Wednesday, December 1, 2010


The title is a bit vague. This might be an on-going topic I address over and over.

Oh well.

This week, I've been watching the Ken Burns and Dayton Duncan The National Parks: America’s Best Idea PBS series that came out last year. I'd not seen most of the series yet, and people comment about it when they visit our parks, so I thought I needed to watch the series in its entirety.

I'm not going to comment on quality, breadth of content, etc. That's up to each person's point of view. But I do like history a bit and I think the photography has been beautiful. :)

The thing that - almost unknowingly - hits me is that this series has the ability to grip emotions if you let it. Or if you are moved by these great parks as I am. Several influential early park proponents went into the moutains for their health. They talked and wrote of spiritual experiences they had.

I can identify with them. And I'm thankful that there were people willing to set aside places for breathing mountain air, for renewal, for escaping the 'everyday' world.

Watching this series, too, I find myself wanting to be more of an outspoken advocate. I feel compelled to act. To do more.

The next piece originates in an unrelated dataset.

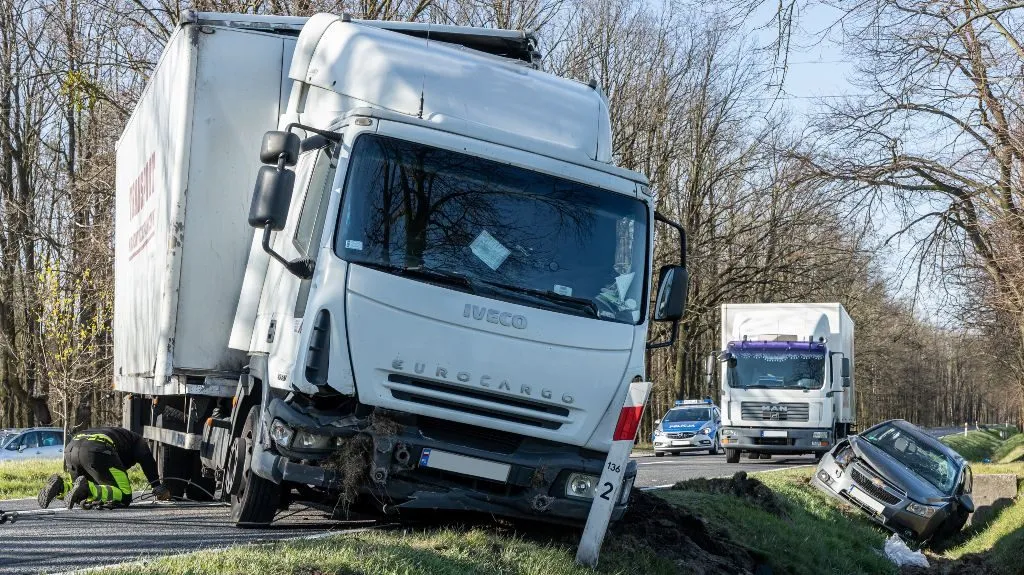 White Iveco Eurocargo truck partially off road with front damage, black car in ditch, emergency responder nearby.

“National parks embody an idea as uniquely American as the Declaration of Independence and just as radical: that the most magnificent and sacred places in our land belong not to royalty or the rich but to everyone- and for all time,” said Burns. “While making this series, we discovered more than stories of the most dramatic landscapes on earth. We discovered stories of remarkable people from every conceivable background. What they had in common was a passion to save some precious portion of the land they loved so that those of us who followed might have the same chance to fall in love with that place. Without them, parks would not exist.”